I am confused because the integral on the right is supposed to be a square integrable martingale, but the one on the left is supposed to be just a local martingale, because the integrand on the left is not square-integrable, only locally $L^2-$bounded, whereas the integrand on the right is square-integrable.

Where is my mistake?

square-integrable = $L^2$-bounded: $\mathbb{E}[\int_0^{\infty} |f_s|^2 \mathrm{d}s]< \infty$

locally square-integrable/$L^2$-bounded: $\forall t \in [0,\infty) \quad \mathbb{E}[\int_0^t |f_s|^2 \mathrm{d}s] < \infty$

Seemingly we could do the same trick for any locally $L^2-$bounded process, and we would always get a square integrable martingale for any finite $t$ (just integrate $(f\cdot 1_{[0,t]})(s)$ instead of $f(s)$).
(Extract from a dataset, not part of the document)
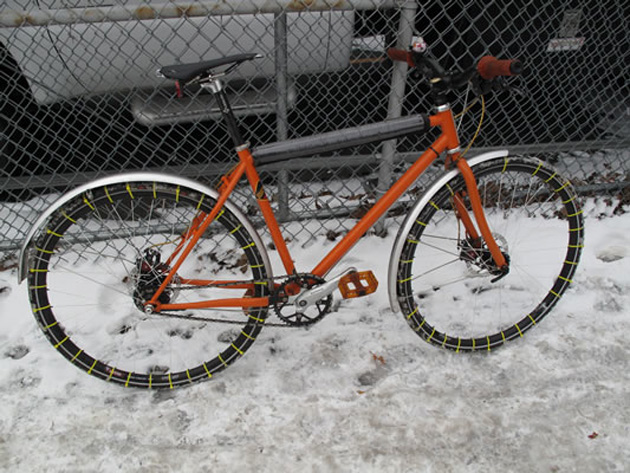 Zip Tie Snow Tires: The Cheapest Way to Bike in the Snow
But Revuz and Yor says that the integrand needs to be square integrable, not just locally square integrable, for the stochastic integral to again be a continuous square-integrable martingale, and that if the integrand is only locally square integrable, then the resulting process is a continuous local martingale, but not a true martingale.

• You seem to be confusing time intervals and state intervals. For example, the meaning of $$\int_0^t 1_{[0,t]} dX_t$$ is quite unclear since $1_{[0,t]}$ is defined on $\mathbb R_+$ while every $X_s$ is defined on $\Omega$. On the other hand $$\int_0^\infty 1_{[0,t]}(s)dX_s=\int_0^tdX_s=X_t-X_0.$$ – Did Jul 19 '16 at 8:43

Actually re-reading the section of Revuz and Yor which I cited earlier, that appears to be what they are discussing before moving on to discuss local martingale integrals. My professor told me once (seemingly in error or more likely I wasn't paying attention and misheard them) that Brownian motion is a local martingale but not a true martingale, and now I have difficulty convincing myself that this is not true. It doesn't matter that Brownian motion isn't integrable, since it is integrable on $[0,t]$ for all $t$, that is enough.